一方、ホンダの二輪事業という観点では、自動二輪領域は前年との比較で8割を切り、好調な原付二種・軽二輪でカバーをしているというのが現状で、コミューター・軽二輪クラスが好調である反面、自動二輪領域が今後の課題となってくる。

着実な変革実行

ホンダは60年前、スーパーカブの発売に合わせ、国内二輪販売網をスタートさせた。FUN専売化も含め、国内二輪販売網を大幅に刷新するのは、実に60年ぶりだ。今まで進めてきた変革の方向性は、間違いない。そして、着実に実行していく信念は変わらない。ホンダドリームの皆様にご理解と今後も変わらずご協力を頂きたい。

小型二輪は18年4月から、ホンダドリームの専売になった領域だ。お客様にとってはホンダドリームでしか購入出来ないモデルとなる。4月に投入したGL1800やアフリカツインは、お客様への事前アプローチなどが功を奏し、過去にない実績を上げることができた。

しかしCBシリーズなどは、ホンダドリームが強い領域にもかかわらず、苦戦を強いられている。ホンダドリームの商売の要であるCBシリーズは、国内専用モデルであり、国内で積極的に売れなければいけない。自らの商売を自ら守るという意味でも、意志を持った質の高い拡販をお願いする。

質の向上とは

質の向上という観点で、新ホンダドリームは、お客様に十分な満足と喜びをご提供が出来ているのか。改めて言うことではないかもしれないが、新ホンダドリームはホンダのFUNブランドを創造する販売網だ。さらに厳しさを増す国内二輪市場で生き残るためには、いち早くお客様に満足のいく付加価値の高い体制を構築することだ。

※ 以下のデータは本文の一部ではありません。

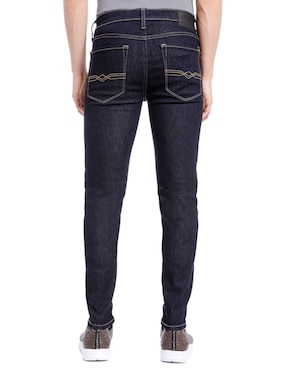 Jeans skinny Denizen lavado obscuro para hombre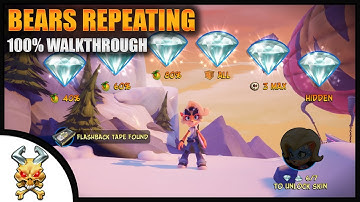 Crash Bandicoot 4 - Bears Repeating (N.Sanely Perfect Relic)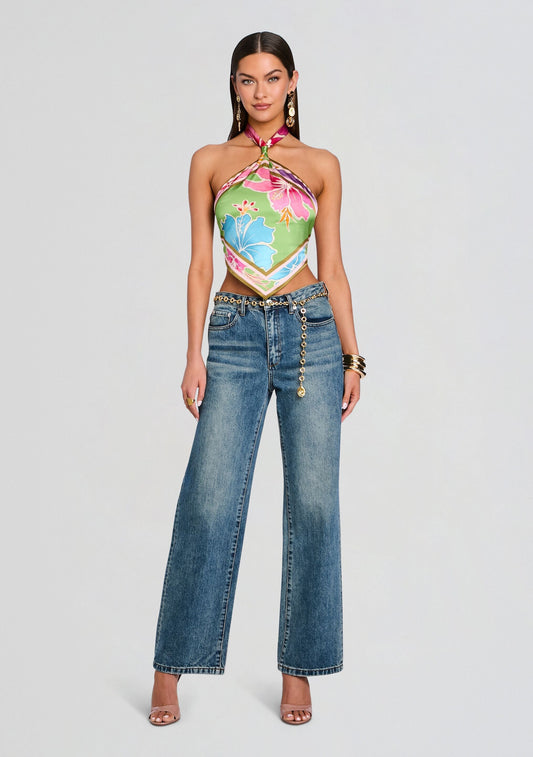 Jamie Silk Top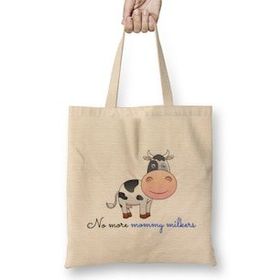Humuts No More Mommy Milkers Bez Uzun Saplı Açık Bej Rengi Çanta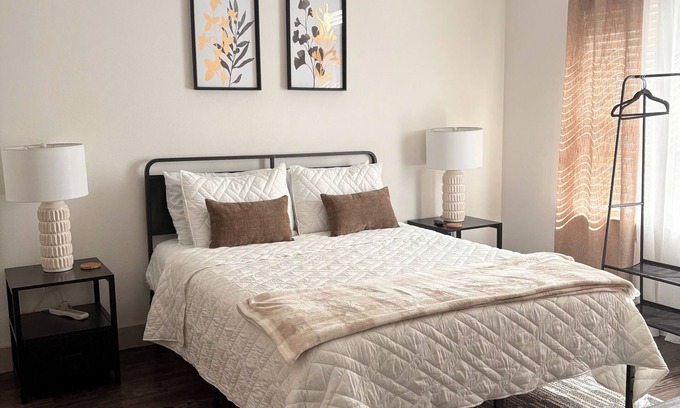 Farmers Branch Apartment | Cozy Canalside Retreat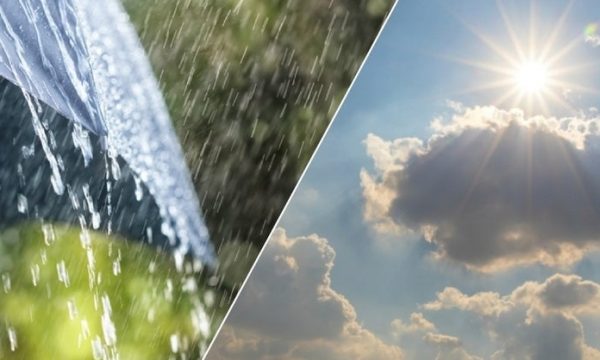 Paralajmërohet stuhi shiu për sot, moti për ditët e ardhshme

質の向上は、商品に加え、〝高品位な接客接遇・ホンダドリーム施策〟といった、販売フロントオペレーションの変革で付加価値を高めたFUN商品をお客様に提供することだ。お客様満足度NO・1に向けた販売のフロントオペレーションの進化、すなわち質の向上は、ホンダドリームの責任領域で、営業の質こそが将来の量を創造する。

ホンダドリームが、国内二輪ビジネスをリードし、世界のホンダの二輪をリードする、そしてそれを日本から世界に発信するという想い・高い志を持って、販売のフロントオペレーションの変革と質の向上に取り組んで頂くことを、改めてお願いする。